Буду звонить иногда.
Отец
В моей жизни были разные периоды. Я много ездил по стране и по миру и хотел всю жизнь странствовать. Но сейчас, кажется, я бы предпочел посидеть дома, и чтобы все – и ты, и Ванда – были бы на месте, около меня. Старею, да?
Вспоминаю, как один мой приятель, актер, рассказывал мне про Германию. Он там работал в армейском театре, и это было славное время его жизни. И вот он вернулся и рассказывал мне про улицы, про людей, про магазины, про парк Сан-Суси и как какой-то актер с палкой ходит в этом парке… А мне тогда предлагали поехать художественным руководителем в армейский театр. И я, засыпая, представлял, как с палкой буду гулять по Сан-Суси, поставлю все спектакли, которые ставил у нас Яншин (я их хорошо помнил). Так у меня часто бывает – кто-то рассказывает о каком-то крае, как там интересно – и я думаю: «Хорошо бы поехать». И я обязательно связываю это с тем, что со мной поедете вы – ты и Ванда.
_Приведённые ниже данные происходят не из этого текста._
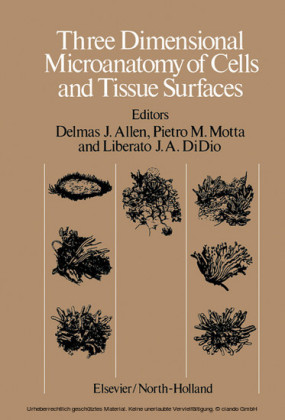 Three Dimensional Microanatomy of Cells and Tissue Surfaces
Я бы представлял себе бродячую жизнь артиста, если бы со мной была моя семья. У меня было даже такое странное желание, чтобы ты и Ванда побывали в Сан-Суси. Бывали, правда, и такие моменты: поссорился – и мне сразу хотелось уехать куда-нибудь, чтобы начать жизнь сначала, но лучше бы, думаю, и их с собой взять… Я не представлял, что могу уехать один. Например, если бы сейчас были бродячие труппы, для меня это невозможно. Вспоминаю съемки фильма «Чайковский»: я первый раз был за границей – Англия и Франция, причем во Франции почти месяц. А я уже через пятнадцать дней думал: «Скорей бы домой», меня заела такая тоска, немыслимо тянуло в Москву. Все мои командировки связаны именно с этим чувством – домой. Может, это для меня какая-то временная жизнь, или это зависит от профессии, или просто выяснилось, что я не рожден для бродячей жизни.
Скучаю.
Отец
Ты не прав, Андрей, натурализм в искусстве связан не только с жестокостью. Разве не может быть натурализма в идиллии? Вообще-то я не согласен, что есть материал искусству благоприятный и искусству неблагоприятный, есть то, что подвластно искусству и что нет. Я считаю, что все ему подвластно – и высокое, и низменное, – все, что есть в человеке и вокруг него.